Damn, did you see that White girl?

Lisa Jasinsk,
Trinity University

In 2007, I spent a year working at The Apollo Theater in Harlem, NY. One day on my way into the office, I slipped on an icy sidewalk on 125th Street, and in a comic prat fall, landed on my bottom in a filthy puddle. A group of guys gathered outside the corner grocery busted up laughing, “Damn, did you see that White girl?”

In the moment, I was embarrassed, self-conscious, and humbled. I wanted to hide and to be anywhere else. I think I just ignored the guys, picked myself up, and walked on. At the time, I remember feeling especially vulnerable when my race was called out, recognizing that being White was something I rarely thought about (in my entitled, privilege way).

In so many ways, that year working in Harlem taught me so much. A decade later, I continue to build on what I was only beginning to figure out as I found myself in the racial minority for the first time in my life. I began to see how the “colorblindness” rhetoric of my suburban upbringing masked lived experiences and disguised hard truths. I began to see the complex ways that structural segregation, microaggressions, exclusion, implicit bias, class, power, and overt discrimination had played out in my own life and the lives of others. And once I saw it, I could never unsee it.

“You can only check one box…”

I got my driver’s application returned the first time because I chose boxes that aligned with both of my racial identities. The woman gave me one look and sort of laughed a bit, then pushed the clipboard back to meet my hands. I sort of looked over to my mom and erased the two boxes on the sheet, then moved the pen over to the box labeled “other.” To me, being Native and White, it’s sort of like being shoved in between dichotomies. I am both the oppressor and the oppressed, the represented and the not. Society says that you’re one thing or the other. You can only check one box.

From Unawareness to Critically Examining Whiteness

In my world, white was normal. I believed that race was something other than whiteness. The normalcy of whiteness meant I did not have to think about what it meant to be white. I grew up in a predominantly white suburb, which meant most of my friends were white and most of my schoolmates were white. In fact, all of my elementary, middle school, and high school administrators and teachers were white. This blanket of whiteness was not exclusive to school, however. I recall, as a child, sitting around the television with my family every Friday night watching TGIF programming. Most of the television shows (e.g. Boy Meets World, Step by Step, Full House) were comprised of white actors and white families. More subtly, the directors of these shows were also white and whose storylines reinforced white culture.

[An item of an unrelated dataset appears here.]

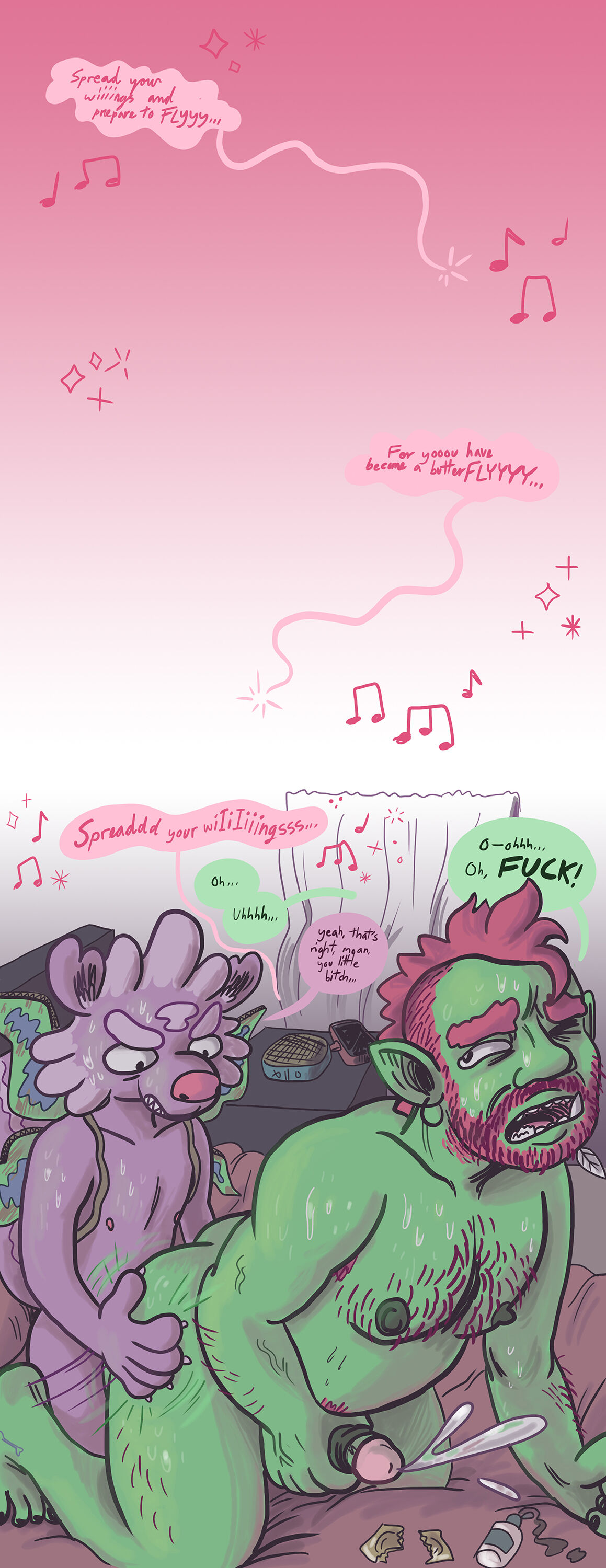 Orctober Comic page 11 full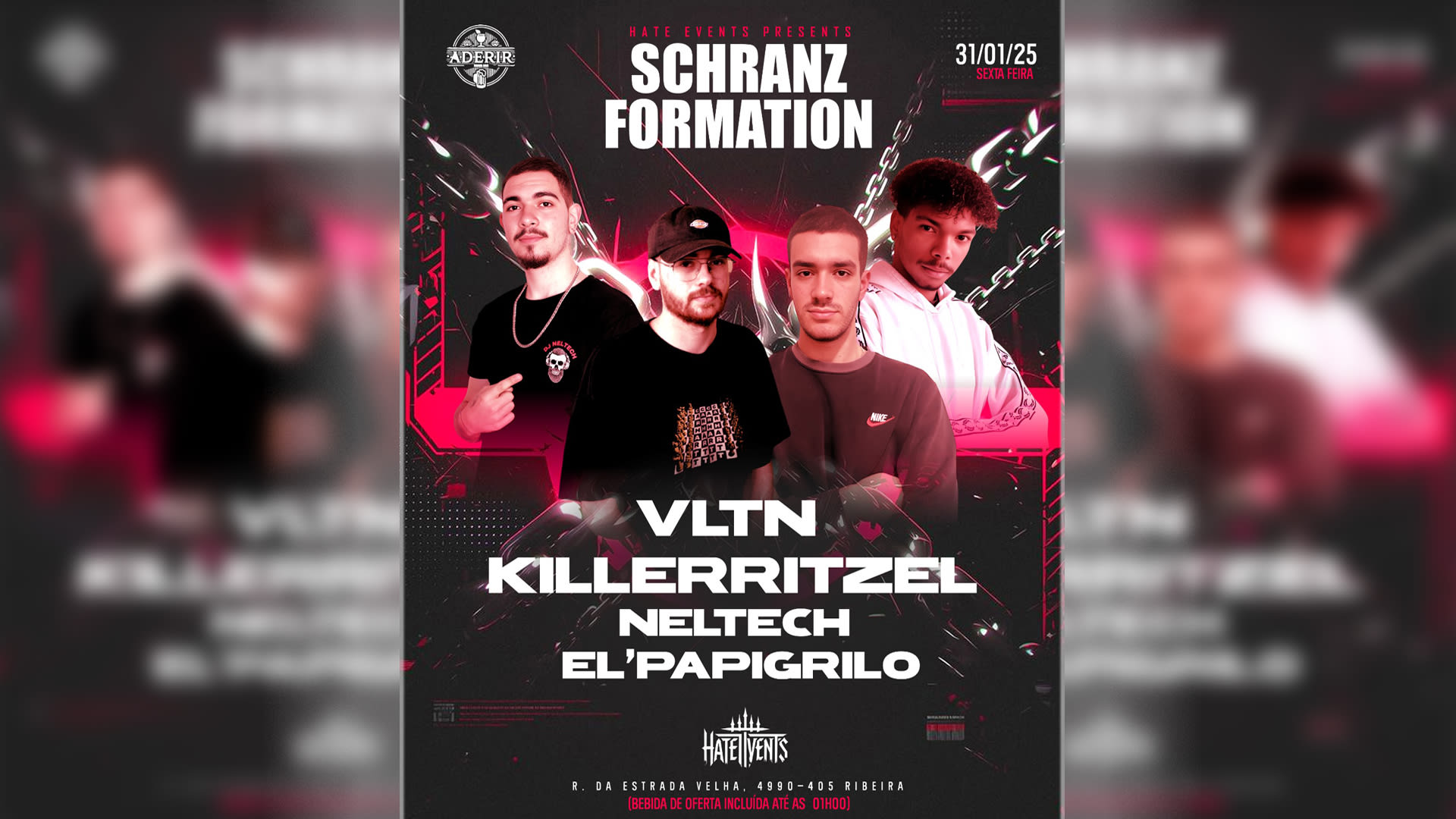 Hatevents - Schranz Formation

Another early childhood socialization experience to race related to my perception of the varying types of neighborhoods in the region in which I grew up. The suburban town I grew up in was close to 100% white. The town was small, crime was low, and kids were always outside riding bikes or playing games. My parents allowed me to venture off as long as I was home in time for dinner or by the set curfew. I learned, however, that not all towns were like mine. I was socialized to think that non-white majority neighborhoods were unsafe. I vividly remember sitting at a traffic light on the east side of the city near where I grew up and my parents hitting the lock button on the car doors. They claimed the area was unsafe. For we were not in the town where crime was low and white children roamed the streets unattended and playing games. What is compelling about this experience sitting in the car and then hearing the click of the locks was that my family and I were not in danger. Rather, it was the anticipation that something bad could happen simply because we were not in our small, white town. The message that I internalized as a child was that I could let my guard down in white suburban towns, but I had better be aware of my surroundings in communities where the people did not look like me. In other words, I conflated unsafe with people who were not white.

These early childhood experiences led me to internalize whiteness as something normal in friendships, in neighborhoods, and in mass media. The notion that white was normal followed me well into my young adult life. I was never prompted to think about whiteness or white privilege until I took a diversity course in my master’s program. I wrote a paper on my social location, and even in that paper, I could only write about whiteness and white privilege at an abstract level. I knew privilege was something I had, but it was difficult for me to discern what that privilege looked like in everyday life. Nonetheless, the social location paper was a catalyst for looking inwardly with a critical lens and exploring how I saw myself in society rather than looking outwardly at the other race, the other person, or the other neighborhood to justify social inequities.

No apologies for who I am

Stanton Lawrence,
San Antonio, TX.

Throughout my professional life, I have experienced efforts to devalue or negatively assess the contributions of blacks in the work place. These efforts are greatly elevated when the individual is strong and confident. It takes me back to the era when we had to “be put in our places” because we “thought too highly of ourselves.” The more things change, the more they stay the same.